**ACTIVITY:** Leave out the pictures and repeat the data exactly.
[SOURCE MATERIAL — start]
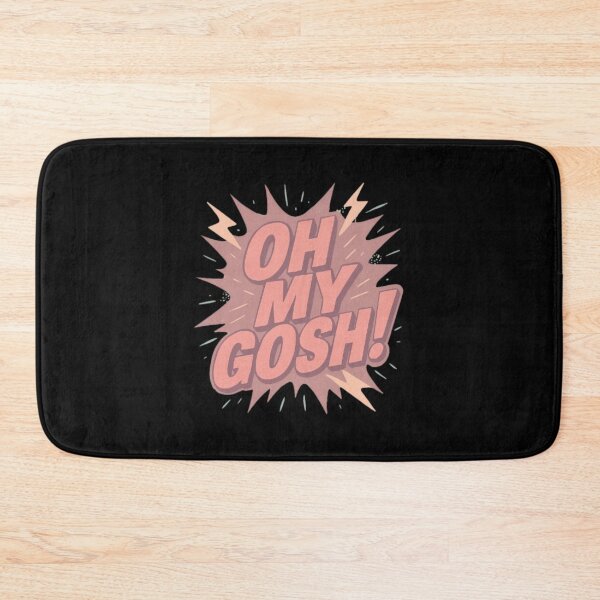 Item preview, Oh My Gosh! designed and sold by PLANTONE.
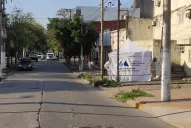 Que no quede impune su caso, reclamó la familia de la chica trans asesinada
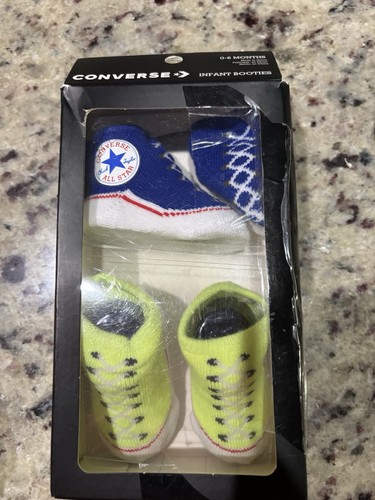 Converse all star - star, infant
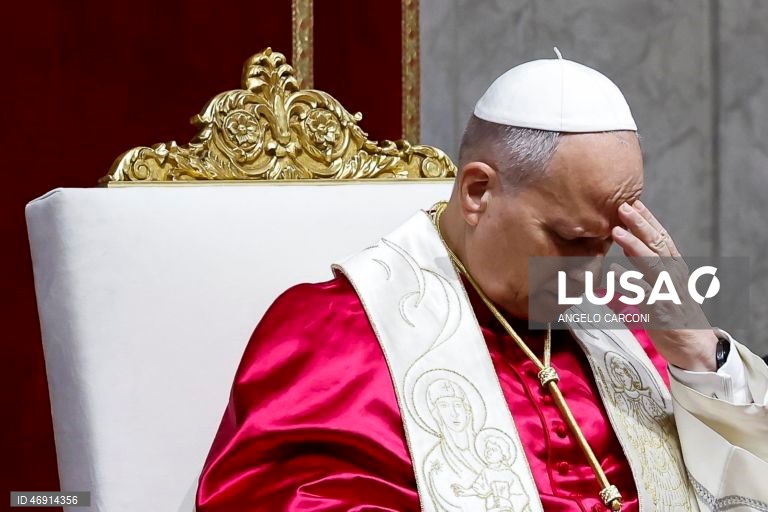 Trump afirma que Leão XIV é terrível em política externa após críticas de papa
[SOURCE MATERIAL — finish]
**RESULT OF THIS EXERCISE:**
 Item preview, Oh My Gosh! designed and sold by PLANTONE.
 Que no quede impune su caso, reclamó la familia de la chica trans asesinada
 Converse all star - star, infant
 Trump afirma que Leão XIV é terrível em política externa após críticas de papa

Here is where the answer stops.